Lists: | pgsql-hackers |
---|
From: | Craig Ringer <craig(at)2ndquadrant(dot)com> |
---|---|
To: | PostgreSQL Hackers <pgsql-hackers(at)postgresql(dot)org> |
Subject: | Multiple calls to json_array_elements slow down nonlinearly |
Date: | 2014-02-03 01:09:11 |
Message-ID: | 52EEEC37.9040305@2ndquadrant.com |
Views: | Raw Message | Whole Thread | Download mbox | Resend email |
Lists: | pgsql-hackers |
Hi all
I ran into this performance report over the weekend:
http://stackoverflow.com/q/21507127/398670
and wanted to mention it here.
json_array_elements seems to spend about 97% of its time in
MemoryContextReset(...).
Given dummy data:
test=> create table g as select (select json_agg(random()) json from
generate_series(0, (r1*4)::int)) from (select random() r1 from
generate_series(1,20000)) aux;
Compare these two methods of producing the same result set:
test=> create table q as select json->x foo from g,
generate_series(0,json_array_length(g.json)-1) x;
SELECT 60103
Time: 157.702 ms
test=> create table p as select json_array_elements(json) foo from g;
SELECT 60103
Time: 4254.494 ms
The issue is reproducible and scales non-linearly with row count, which
is a clue.

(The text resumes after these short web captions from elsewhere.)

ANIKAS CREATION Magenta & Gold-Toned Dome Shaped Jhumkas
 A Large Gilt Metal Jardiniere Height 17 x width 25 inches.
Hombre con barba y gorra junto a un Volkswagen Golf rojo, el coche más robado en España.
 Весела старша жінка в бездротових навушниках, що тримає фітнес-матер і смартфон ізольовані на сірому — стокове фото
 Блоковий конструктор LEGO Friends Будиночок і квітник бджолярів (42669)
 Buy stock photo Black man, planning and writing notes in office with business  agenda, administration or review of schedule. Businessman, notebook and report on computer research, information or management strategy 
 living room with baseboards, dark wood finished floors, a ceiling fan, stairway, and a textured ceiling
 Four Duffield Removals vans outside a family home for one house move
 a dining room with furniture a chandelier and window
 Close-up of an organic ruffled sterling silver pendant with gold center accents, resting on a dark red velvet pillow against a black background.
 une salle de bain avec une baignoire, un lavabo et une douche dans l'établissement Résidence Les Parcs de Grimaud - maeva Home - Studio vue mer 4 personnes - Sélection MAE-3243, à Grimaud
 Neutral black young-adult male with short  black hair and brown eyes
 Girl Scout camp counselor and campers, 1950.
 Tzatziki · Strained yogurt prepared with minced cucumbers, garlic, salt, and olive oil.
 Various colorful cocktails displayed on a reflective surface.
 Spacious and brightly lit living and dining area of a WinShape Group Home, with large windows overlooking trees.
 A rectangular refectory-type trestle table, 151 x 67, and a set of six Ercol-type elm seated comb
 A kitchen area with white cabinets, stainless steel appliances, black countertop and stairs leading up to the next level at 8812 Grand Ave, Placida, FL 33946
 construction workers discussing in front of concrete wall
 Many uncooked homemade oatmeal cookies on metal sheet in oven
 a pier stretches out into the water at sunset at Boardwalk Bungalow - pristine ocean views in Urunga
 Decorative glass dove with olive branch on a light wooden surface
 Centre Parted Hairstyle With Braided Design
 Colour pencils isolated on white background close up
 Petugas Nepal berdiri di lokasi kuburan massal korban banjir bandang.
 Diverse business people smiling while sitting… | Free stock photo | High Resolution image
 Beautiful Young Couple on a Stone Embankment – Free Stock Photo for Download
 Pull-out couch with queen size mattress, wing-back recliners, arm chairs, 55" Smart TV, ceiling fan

At 100k rows input, the lateral query takes 592ms vs 179959ms
(3 minutes) for json_array_elements.
Whenever I grab a backtrace it looks like:
> #0 0x000000000072dd7d in MemoryContextReset (context=0x2a02dc90) at mcxt.c:130
> #1 0x000000000072dd90 in MemoryContextResetChildren (context=<optimized out>) at mcxt.c:155
> #2 MemoryContextReset (context=0x1651220) at mcxt.c:131
> #3 0x00000000005817f9 in ExecScan (node=node(at)entry=0x164e1a0, accessMtd=accessMtd(at)entry=0x592040 <SeqNext>, recheckMtd=recheckMtd(at)entry=0x592030 <SeqRecheck>)
> at execScan.c:155
(Sorry for the quote-paste; only way to make @#$ Thunderbird not wrap
mail, I need to switch clients or fix that).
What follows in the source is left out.